***** Exercise materials *****

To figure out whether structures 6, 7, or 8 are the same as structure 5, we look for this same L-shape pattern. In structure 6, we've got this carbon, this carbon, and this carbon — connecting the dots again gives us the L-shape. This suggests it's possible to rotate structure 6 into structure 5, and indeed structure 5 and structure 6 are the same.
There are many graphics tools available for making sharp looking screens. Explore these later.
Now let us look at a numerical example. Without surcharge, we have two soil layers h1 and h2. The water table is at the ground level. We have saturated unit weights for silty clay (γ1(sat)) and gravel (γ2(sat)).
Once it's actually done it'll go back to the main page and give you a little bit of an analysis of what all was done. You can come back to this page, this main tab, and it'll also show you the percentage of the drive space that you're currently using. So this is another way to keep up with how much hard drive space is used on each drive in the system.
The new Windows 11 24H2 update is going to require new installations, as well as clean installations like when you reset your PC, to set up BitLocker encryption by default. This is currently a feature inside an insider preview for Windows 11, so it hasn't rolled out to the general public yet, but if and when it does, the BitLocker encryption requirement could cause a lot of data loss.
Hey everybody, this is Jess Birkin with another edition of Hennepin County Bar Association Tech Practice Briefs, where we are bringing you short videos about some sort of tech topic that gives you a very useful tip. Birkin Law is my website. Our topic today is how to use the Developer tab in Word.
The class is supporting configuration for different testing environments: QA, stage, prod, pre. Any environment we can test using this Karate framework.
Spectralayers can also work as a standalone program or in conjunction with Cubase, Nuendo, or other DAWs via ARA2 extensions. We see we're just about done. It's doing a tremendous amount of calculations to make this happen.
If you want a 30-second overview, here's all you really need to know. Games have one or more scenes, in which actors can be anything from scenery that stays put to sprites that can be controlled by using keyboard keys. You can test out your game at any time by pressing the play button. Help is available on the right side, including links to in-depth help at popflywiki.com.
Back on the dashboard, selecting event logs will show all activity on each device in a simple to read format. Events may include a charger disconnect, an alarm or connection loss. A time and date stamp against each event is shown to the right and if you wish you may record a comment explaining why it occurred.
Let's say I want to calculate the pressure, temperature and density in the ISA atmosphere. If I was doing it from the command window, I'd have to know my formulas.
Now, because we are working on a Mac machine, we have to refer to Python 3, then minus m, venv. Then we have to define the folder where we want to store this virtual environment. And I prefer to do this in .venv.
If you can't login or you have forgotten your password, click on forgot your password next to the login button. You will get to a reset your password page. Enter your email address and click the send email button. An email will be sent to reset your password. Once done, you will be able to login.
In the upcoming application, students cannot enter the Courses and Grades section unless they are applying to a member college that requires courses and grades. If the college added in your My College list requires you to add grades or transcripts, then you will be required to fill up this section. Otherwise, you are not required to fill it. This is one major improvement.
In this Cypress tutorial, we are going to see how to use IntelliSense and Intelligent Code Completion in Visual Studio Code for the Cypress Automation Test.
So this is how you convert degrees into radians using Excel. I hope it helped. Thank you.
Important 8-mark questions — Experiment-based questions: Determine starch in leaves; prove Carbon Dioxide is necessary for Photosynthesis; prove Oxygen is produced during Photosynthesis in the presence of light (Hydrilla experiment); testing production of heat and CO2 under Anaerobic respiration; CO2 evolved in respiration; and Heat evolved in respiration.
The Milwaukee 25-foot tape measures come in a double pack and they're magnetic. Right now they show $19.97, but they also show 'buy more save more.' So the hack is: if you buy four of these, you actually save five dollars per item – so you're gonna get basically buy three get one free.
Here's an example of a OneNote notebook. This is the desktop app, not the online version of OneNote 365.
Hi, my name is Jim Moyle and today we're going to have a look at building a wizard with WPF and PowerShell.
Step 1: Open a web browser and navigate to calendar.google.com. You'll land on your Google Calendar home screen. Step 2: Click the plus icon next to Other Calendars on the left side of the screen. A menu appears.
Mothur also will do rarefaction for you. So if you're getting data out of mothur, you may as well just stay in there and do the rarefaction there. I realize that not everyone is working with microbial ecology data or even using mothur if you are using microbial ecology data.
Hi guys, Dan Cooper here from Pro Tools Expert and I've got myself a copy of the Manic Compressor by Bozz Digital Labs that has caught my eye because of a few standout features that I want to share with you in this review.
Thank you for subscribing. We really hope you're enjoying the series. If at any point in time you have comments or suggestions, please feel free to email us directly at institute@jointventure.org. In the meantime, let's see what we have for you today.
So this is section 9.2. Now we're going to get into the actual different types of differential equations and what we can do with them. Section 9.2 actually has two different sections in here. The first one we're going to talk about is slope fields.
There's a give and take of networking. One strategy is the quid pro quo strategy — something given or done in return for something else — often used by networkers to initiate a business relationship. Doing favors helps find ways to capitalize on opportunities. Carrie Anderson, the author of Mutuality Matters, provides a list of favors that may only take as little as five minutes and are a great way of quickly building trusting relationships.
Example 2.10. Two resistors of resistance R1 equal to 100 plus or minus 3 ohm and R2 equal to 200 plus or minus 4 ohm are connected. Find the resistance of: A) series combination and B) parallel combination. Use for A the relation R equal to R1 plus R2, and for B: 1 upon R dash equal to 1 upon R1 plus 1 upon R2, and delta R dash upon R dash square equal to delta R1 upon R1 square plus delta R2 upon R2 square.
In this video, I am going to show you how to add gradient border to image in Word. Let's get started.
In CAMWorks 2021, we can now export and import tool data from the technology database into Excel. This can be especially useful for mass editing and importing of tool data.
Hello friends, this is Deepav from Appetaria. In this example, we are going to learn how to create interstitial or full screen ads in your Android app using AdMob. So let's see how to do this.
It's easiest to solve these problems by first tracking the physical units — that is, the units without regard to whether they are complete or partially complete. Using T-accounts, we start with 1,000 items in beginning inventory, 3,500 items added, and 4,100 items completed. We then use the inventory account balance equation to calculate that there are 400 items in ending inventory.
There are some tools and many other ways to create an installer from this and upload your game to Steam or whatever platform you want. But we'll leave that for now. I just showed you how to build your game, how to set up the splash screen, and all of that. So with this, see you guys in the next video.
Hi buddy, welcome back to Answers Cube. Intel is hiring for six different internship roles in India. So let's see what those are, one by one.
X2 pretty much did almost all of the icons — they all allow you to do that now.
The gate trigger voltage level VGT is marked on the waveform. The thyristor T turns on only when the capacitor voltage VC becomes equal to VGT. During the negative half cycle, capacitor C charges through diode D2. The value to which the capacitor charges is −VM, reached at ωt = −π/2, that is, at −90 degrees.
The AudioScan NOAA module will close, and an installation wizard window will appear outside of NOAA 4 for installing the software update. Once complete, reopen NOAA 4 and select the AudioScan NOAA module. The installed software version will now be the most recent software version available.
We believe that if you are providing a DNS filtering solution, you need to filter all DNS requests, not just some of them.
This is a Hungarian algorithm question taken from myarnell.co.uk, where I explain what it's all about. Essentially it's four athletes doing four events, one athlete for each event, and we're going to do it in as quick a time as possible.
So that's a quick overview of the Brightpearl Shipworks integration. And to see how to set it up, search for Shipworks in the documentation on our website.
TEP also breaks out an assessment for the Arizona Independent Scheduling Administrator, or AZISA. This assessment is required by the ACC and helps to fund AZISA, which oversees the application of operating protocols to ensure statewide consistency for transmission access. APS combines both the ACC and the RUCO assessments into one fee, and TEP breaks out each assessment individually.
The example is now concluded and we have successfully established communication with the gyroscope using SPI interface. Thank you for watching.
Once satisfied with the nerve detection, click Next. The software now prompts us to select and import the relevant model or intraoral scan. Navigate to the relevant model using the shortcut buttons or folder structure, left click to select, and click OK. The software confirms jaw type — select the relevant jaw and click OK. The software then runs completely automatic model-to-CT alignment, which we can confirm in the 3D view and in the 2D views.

*****

*Required work:* Your answer should consist only of the lines above between the line holding "The gate trigger" and the line holding "So that's a", inclusive, each transcribed exactly.

*Result below:*
The gate trigger voltage level VGT is marked on the waveform. The thyristor T turns on only when the capacitor voltage VC becomes equal to VGT. During the negative half cycle, capacitor C charges through diode D2. The value to which the capacitor charges is −VM, reached at ωt = −π/2, that is, at −90 degrees.
The AudioScan NOAA module will close, and an installation wizard window will appear outside of NOAA 4 for installing the software update. Once complete, reopen NOAA 4 and select the AudioScan NOAA module. The installed software version will now be the most recent software version available.
We believe that if you are providing a DNS filtering solution, you need to filter all DNS requests, not just some of them.
This is a Hungarian algorithm question taken from myarnell.co.uk, where I explain what it's all about. Essentially it's four athletes doing four events, one athlete for each event, and we're going to do it in as quick a time as possible.
So that's a quick overview of the Brightpearl Shipworks integration. And to see how to set it up, search for Shipworks in the documentation on our website.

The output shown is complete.